Banku and Okra Stew: A Flavorful Harmony of Tradition and Taste
Banku and okra stew is more than just a meal in Ghana—it’s a celebration of culture, community, and flavor. Found in homes and chop bars across the country, this dish combines the tangy taste of fermented dough with the rich, hearty texture of okra, delivering a satisfying lunch that fills both the belly and the soul.
A Taste of Origin
Banku has its roots among the Ewe and Fante people of Ghana. It is traditionally made from a blend of fermented corn and cassava dough, a process that gives it its unique sour taste. This fermentation not only preserves the dough but also enhances its nutritional value. Okra stew, on the other hand, is widely enjoyed across various ethnic groups in Ghana, especially in the Volta, Northern, and Ashanti regions. The combination of okra and palm oil, seasoned with smoked fish and spices, makes the stew a flavorful masterpiece that varies slightly from region to region.

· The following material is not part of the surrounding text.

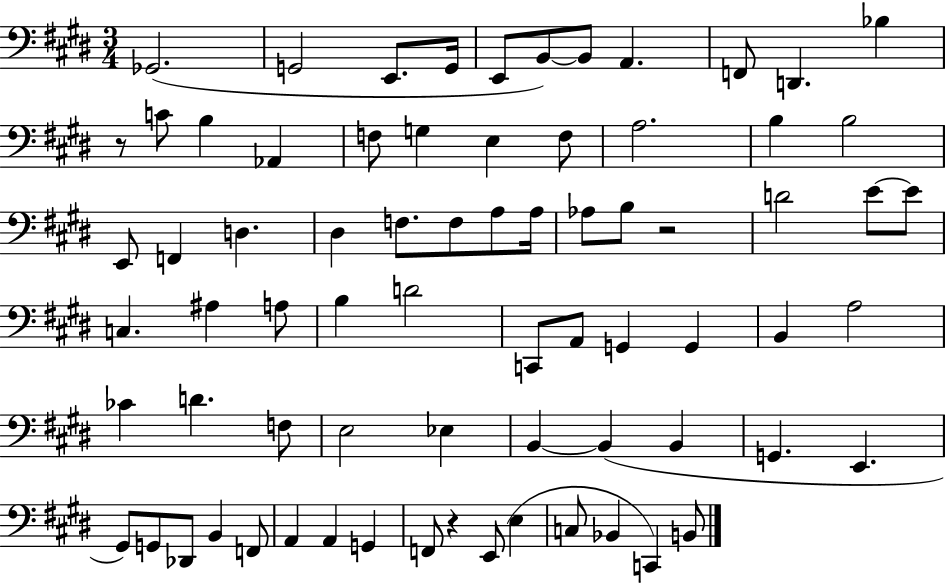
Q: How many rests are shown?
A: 3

Together, banku and okra stew reflect the unity in Ghana’s diverse food culture, a dish that transcends tribe and location.
Quick Recipe
Ingredients for Banku:
2 cups of corn dough
1 cup of cassava dough
Water
Salt to taste
Ingredients for Okra Stew:
Fresh okra (chopped)
Palm oil
Onion (sliced)
Tomatoes (optional, chopped or blended)
Smoked fish, crab, or meat
Garden eggs (optional)
Pepper and salt to taste
Seasoning (maggi, bouillon cubes, etc.)
Preparation:
1. Making Banku:
Mix the corn and cassava dough with water in a pot and stir until smooth. Place on medium heat and keep stirring continuously until it thickens and forms a smooth, stretchy ball. Add salt and stir again until fully cooked.
Read also Hausa Koko and Koose: The Northern Breakfast That Warms Ghanaian Mornings
2. Preparing Okra Stew:
Boil the chopped okra lightly with a little water and stir to increase the slimy texture. In a separate saucepan, heat palm oil and fry sliced onions until fragrant. Add tomatoes (if using), pepper, and your preferred protein (smoked fish, meat, or crab). Season with salt and spices, then add the cooked okra and mix well.
Serve hot with your freshly made banku, and enjoy with your fingers for the full experience!
Banku and okra stew is not just food it’s tradition, nutrition, and satisfaction all wrapped in one bowl. Whether you grew up eating it or are just discovering it, each bite tells a story of Ghanaian heritage and culinary pride.